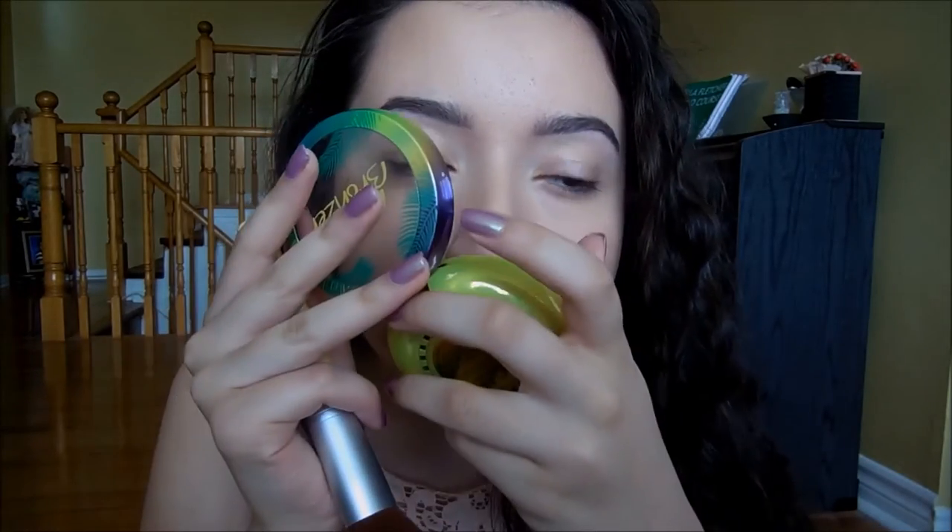Now I'm just going to put some bronzer to warm up my face. I applied the Physician's Formula Butter Bronzer — I love this. It has a subtle shimmer so it gives you a bit of a glow, and it smells like piña colada, which is amazing. When you're applying it you just get a whiff of it and it's just so good. And now I'm going to try the ELF Illuminating Palette.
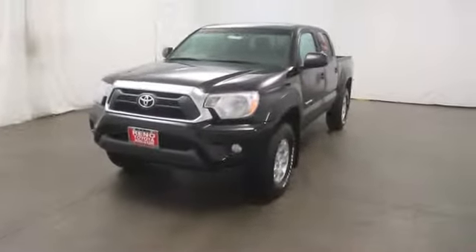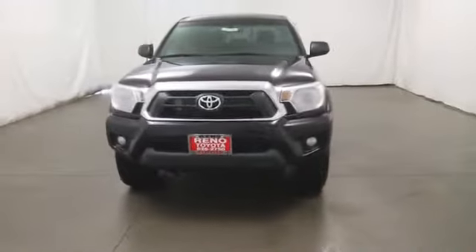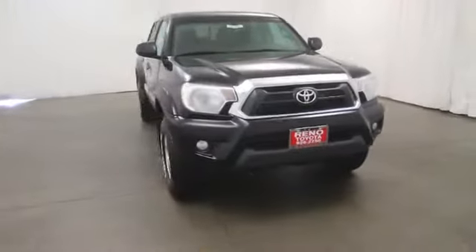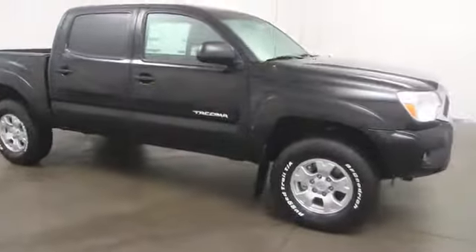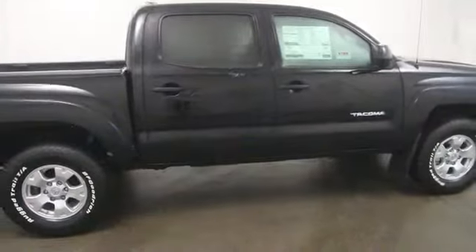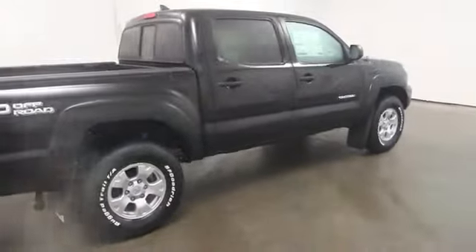The 2014 Tacoma. Toyota Tacoma boasts a roomy interior, a powerful V6 option, and excellent off-road capability, and has been named the best-selling compact pickup by MotorIntelligence.com five years in a row.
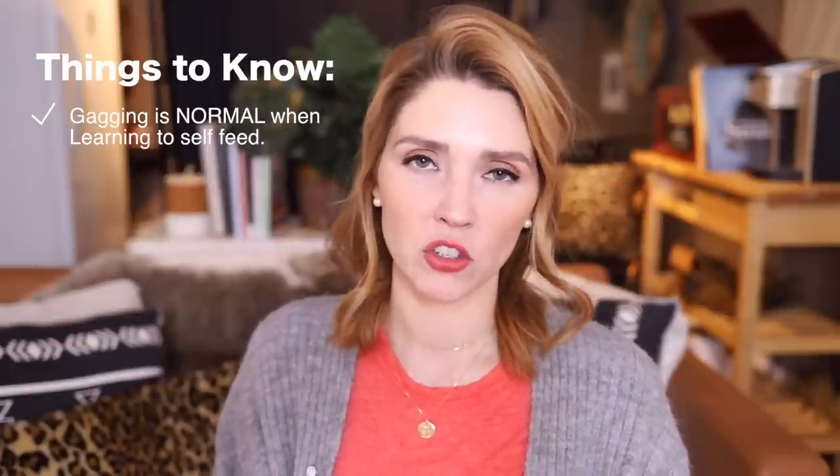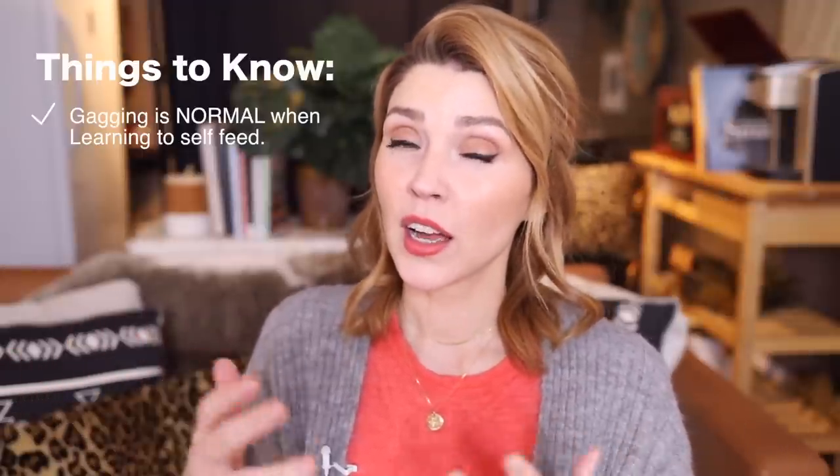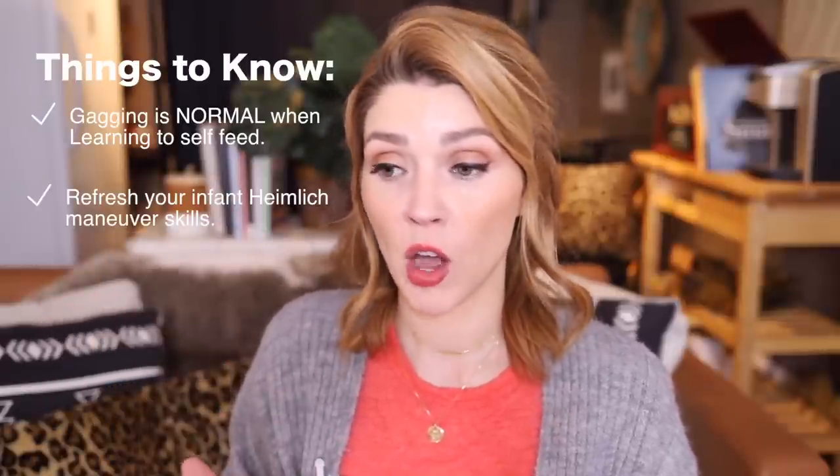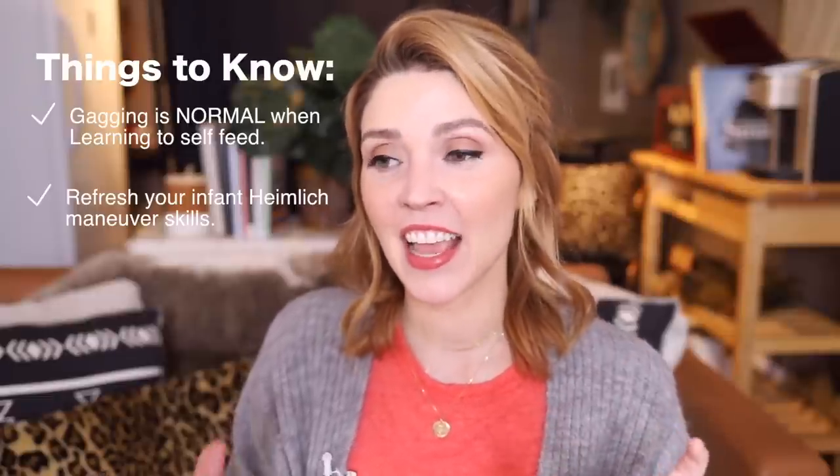Before you start this process, freshen up your Heimlich maneuver skills — go to YouTube and look for an infant Heimlich maneuver video, so that if your baby chokes on a green bean, you know what to do. You want to be able to recognize the differences: gagging is watery eyes, still breathing, still has full color, red face — that kind of thing. Choking is no sound, no breathing. Look up the difference. Make sure you know the difference and know how to respond to actual choking. I have eight children and I still fight the urge — inside it's panic every time, but on the outside I try to keep it calm.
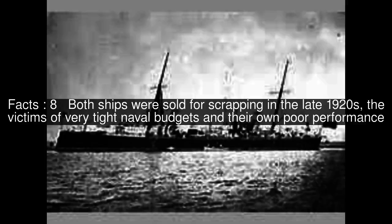Both ships were sold for scrapping in the late 1920s, the victims of very tight naval budgets and their own poor performance.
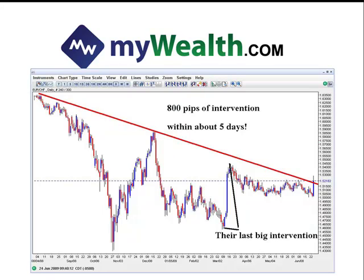You can see here — I've extended it by the black lines — their last intervention back on March the 12th. Interventions with the Swiss are rare; this hasn't happened since like 1992, so it's not like they have a bias towards intervening in their currency. You can see a furious 800-pip intervention over about a five-day period, most of it happening in one single day — about 500 pips happening literally in one single day.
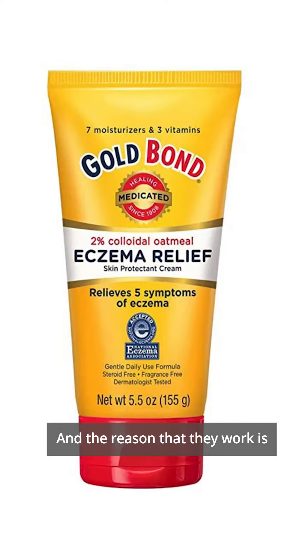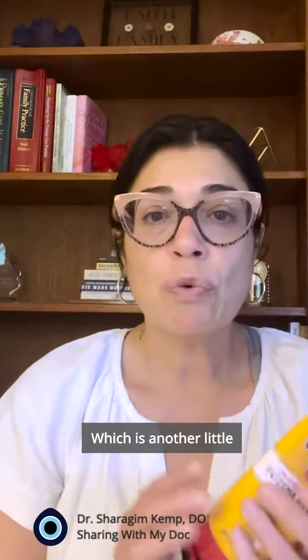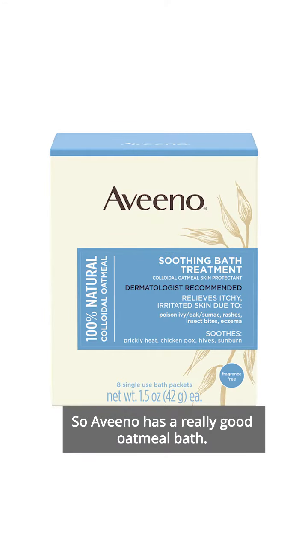One thing I really like — they have these eczema relief products. The reason they work is they have this colloidal ingredient in them, colloidal oatmeal. Which is another little trick: an oatmeal bath. Aveeno has a really good oatmeal bath.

AIM OF THE TASK: Please print each entry exactly as given and keep pictures out of it.

OUTPUT FOR THIS EXERCISE:
Now I'm just going to put some bronzer to warm up my face. I applied the Physician's Formula Butter Bronzer — I love this. It has a subtle shimmer so it gives you a bit of a glow, and it smells like piña colada, which is amazing. When you're applying it you just get a whiff of it and it's just so good. And now I'm going to try the ELF Illuminating Palette.
The 2014 Tacoma. Toyota Tacoma boasts a roomy interior, a powerful V6 option, and excellent off-road capability, and has been named the best-selling compact pickup by MotorIntelligence.com five years in a row.
Before you start this process, freshen up your Heimlich maneuver skills — go to YouTube and look for an infant Heimlich maneuver video, so that if your baby chokes on a green bean, you know what to do. You want to be able to recognize the differences: gagging is watery eyes, still breathing, still has full color, red face — that kind of thing. Choking is no sound, no breathing. Look up the difference. Make sure you know the difference and know how to respond to actual choking. I have eight children and I still fight the urge — inside it's panic every time, but on the outside I try to keep it calm.
Both ships were sold for scrapping in the late 1920s, the victims of very tight naval budgets and their own poor performance.
You can see here — I've extended it by the black lines — their last intervention back on March the 12th. Interventions with the Swiss are rare; this hasn't happened since like 1992, so it's not like they have a bias towards intervening in their currency. You can see a furious 800-pip intervention over about a five-day period, most of it happening in one single day — about 500 pips happening literally in one single day.
One thing I really like — they have these eczema relief products. The reason they work is they have this colloidal ingredient in them, colloidal oatmeal. Which is another little trick: an oatmeal bath. Aveeno has a really good oatmeal bath.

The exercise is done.